In the coming months, it is expected to decide on the most effective way of getting out its message to politicians, bureaucrats and business leaders.
"The network will push for human rights legislation outlawing discriminatory acts against not only foreigners but also ethnic and social minorities. We're also calling for an independent human rights commission. The current one, attached to the Justice Ministry, is not as effective as it needs to be," said IMADR Secretary General Hideki Morihara.
The nearly 90 human rights groups nationwide that support an IMADR-drafted antidiscrimination bill know they face an uphill battle getting the legislation passed. Although some opposition party politicians, notably the Democratic Party of Japan's Toru Matsuoka, an Upper House member and longtime IMADR supporter, are supportive, the ruling bloc is not.
Politicians and bureaucrats opposed to a law against discrimination often cite Article 14 of the Constitution as being sufficient legal protection. Part 1 of the article says "all people are equal under the law and there shall be no discrimination in political, economic, or social relations because of race, creed, sex, social status, or family origin."
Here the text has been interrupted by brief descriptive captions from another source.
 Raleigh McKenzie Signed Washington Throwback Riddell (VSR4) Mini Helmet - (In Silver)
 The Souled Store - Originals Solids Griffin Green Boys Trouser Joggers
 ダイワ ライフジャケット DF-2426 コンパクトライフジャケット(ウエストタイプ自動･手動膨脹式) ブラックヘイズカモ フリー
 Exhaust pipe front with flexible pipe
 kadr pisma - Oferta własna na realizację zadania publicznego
Japan has also ratified the International Convention on the Elimination of All Forms of Racial Discrimination and the International Covenant on Civil and Political Rights, both of which forbid racial discrimination.
However, when Japanese officials cited Article 14 in their defense to the U.N. Committee on the Elimination of Racial Discrimination in 2000, the committee members expressed doubt that Japan's current legal system offers adequate and equal protection against specific individual acts of discrimination.
"Court rulings in discrimination cases are often vague and contradictory. Rather than clearly rule what legal discrimination is or cite the international conventions that Japan has ratified, the courts prefer to simply declare certain behavior as being outside socially acceptable norms," said lawyer Niwa.
Those opposed to antidiscrimination legislation, especially for current and future foreign workers in Japan, said that because there is no nationwide consensus on how to accept such workers and because Japanese attitudes toward foreigners are often ambivalent, it's best to lay the social groundwork first.
"Rather than new laws, what we need first is a change in social attitudes toward foreigners," Taro Kono said last July, when he was senior vice justice minister, not long after his ministry released a report on the future of foreign workers.
But Niwa argued that there is no time to waste.
"A change in social attitudes is needed. But you can't first wait for society to change and then enact laws," he said. "You have to do both concurrently."